• _YOUR GOAL_:
Within the material below, transcribe exactly the lines from the one holding "THE STRAIGHT LEG" through the one holding "Thumbnail for the", keeping both ends and skipping the rest.

• _DATASET CONTENT_:
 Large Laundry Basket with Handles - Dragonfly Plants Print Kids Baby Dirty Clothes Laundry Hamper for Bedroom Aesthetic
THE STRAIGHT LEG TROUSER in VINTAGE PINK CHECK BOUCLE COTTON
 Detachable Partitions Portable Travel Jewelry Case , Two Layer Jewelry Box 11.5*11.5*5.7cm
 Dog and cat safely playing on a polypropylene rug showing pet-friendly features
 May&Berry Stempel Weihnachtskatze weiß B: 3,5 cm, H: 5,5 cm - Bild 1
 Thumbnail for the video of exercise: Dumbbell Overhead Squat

* * *

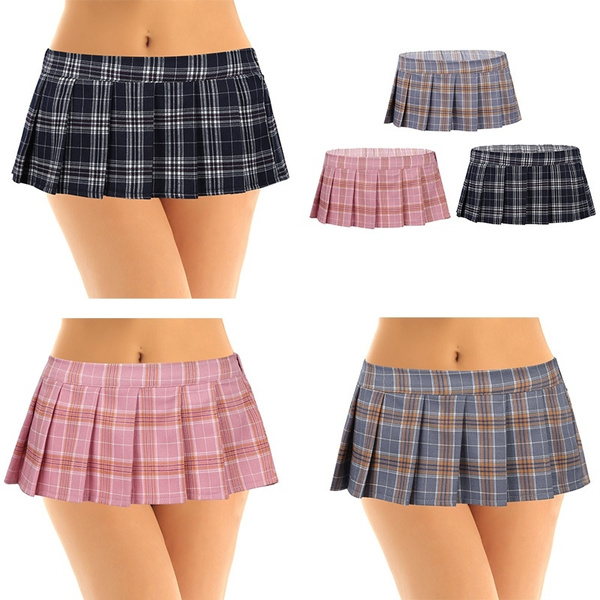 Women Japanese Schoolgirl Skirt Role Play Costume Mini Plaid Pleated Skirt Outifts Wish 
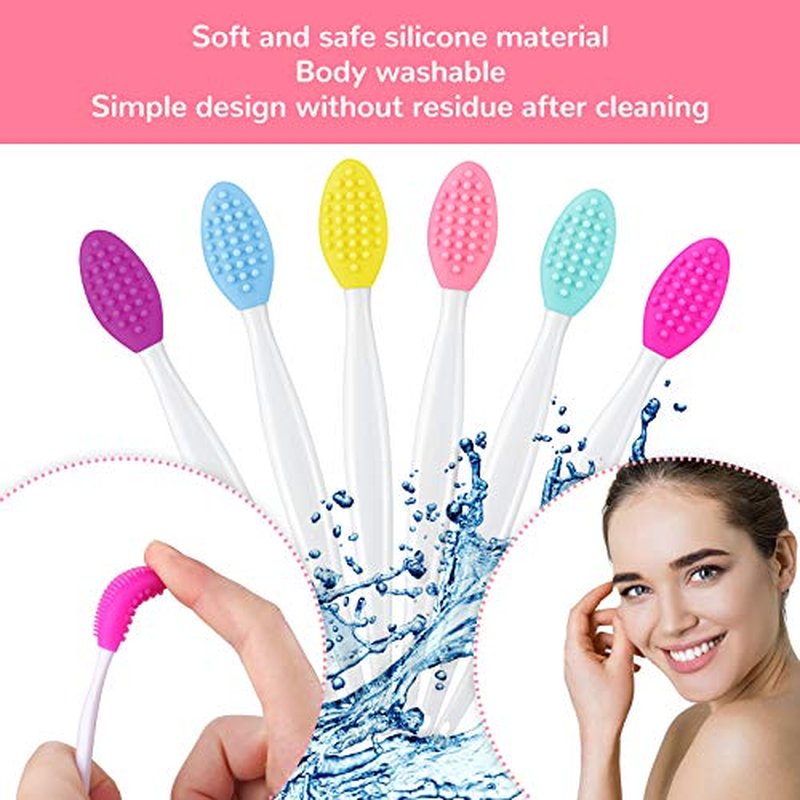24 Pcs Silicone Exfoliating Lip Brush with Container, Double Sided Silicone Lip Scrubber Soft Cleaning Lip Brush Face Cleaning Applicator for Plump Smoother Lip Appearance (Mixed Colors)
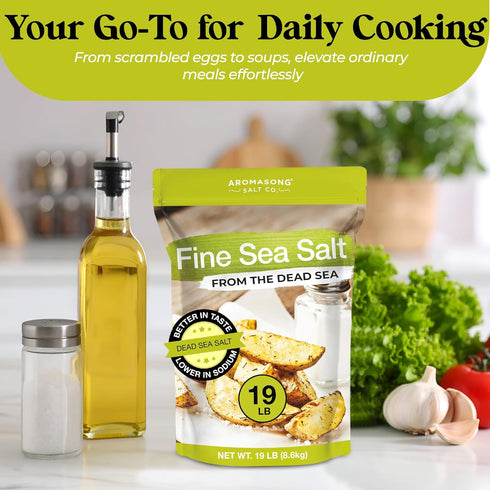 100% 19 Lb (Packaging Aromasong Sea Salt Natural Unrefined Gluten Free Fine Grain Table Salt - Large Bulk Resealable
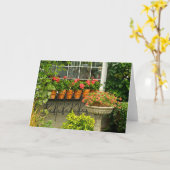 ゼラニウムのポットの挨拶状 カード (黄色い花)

• _RESULT_:
THE STRAIGHT LEG TROUSER in VINTAGE PINK CHECK BOUCLE COTTON
 Detachable Partitions Portable Travel Jewelry Case , Two Layer Jewelry Box 11.5*11.5*5.7cm
 Dog and cat safely playing on a polypropylene rug showing pet-friendly features
 May&Berry Stempel Weihnachtskatze weiß B: 3,5 cm, H: 5,5 cm - Bild 1
 Thumbnail for the video of exercise: Dumbbell Overhead Squat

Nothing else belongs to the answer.